Позднее в США Адорно острее стал понимать некоторые идеи Беньямина о взаимосвязи поэтических конструкций Бодлера и реальности товарного хозяйства. Он признал близость собственных идей и суждений Беньямина, но вновь выступил против применения в его работе «фрейдистской теории памяти» для объяснения образов Пруста и Бодлера. С методологической точки зрения, по его мнению, необходимо было обратиться к теории овеществления, «так как всё овеществление является забвением: объекты становятся вещественными в момент, где они зафиксировались, не став актуально современными во всех своих элементах, где что-то о них забыли». Так, по мнению Адорно, работа Беньямина могла бы достичь «универсальной общественной плодотворности» 273 . Впрочем, несмотря на критические замечания по поводу исследований Беньямина о Бодлере, Адорно позже признавал, касаясь единственного опубликованного труда из этого цикла, что «некоторые мотивы у Бодлера» стали «одним из замечательнейших историко-философских свидетельств эпохи» 274 .
272
Benjamin W. Zentralpark.
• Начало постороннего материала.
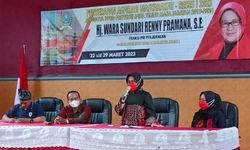 Gelar Reses di Kediri, Renny Pramana Siap Tindak Lanjuti Aspirasi Masyarakat Lereng Kelud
S. 663, 687.
273
Theodor Adorno an Benjamin, 29.2.1940 // GS. Band I. S. 1131.
274
Цит. по: Ibid. S. 1135.
Полностью воплотиться планам Беньямина по изучению Бодлера было не суждено. Однако имеющиеся материалы – законченные варианты отдельных частей бодлеровских штудий, а также архивные документы и переписка мыслителя – позволяют рассмотреть его методологию с разных сторон. В основе «общественно-критического» взгляда на поэта – подхода Беньямина при изучении его творчества – лежит представление о диалектическом образе литературных конструкций Бодлера и о способе передачи в них либо событий его личной жизни, либо исторических феноменов окружавшей его социальной реальности, либо способа комплексного воссоздания того и другого. При этом предметом исследования Беньямина стали не только содержание литературных конструкций Бодлера, но и способ их передачи, а также исторический контекст и манера работы поэта над своими творениями и своей частной жизни. Этот методологический прием оказался новаторским не только в рамках исследований франкфуртской школы, в значительной мере опиравшихся на марксистскую теорию, но и в рамках всего комплекса исследований по социальной истории.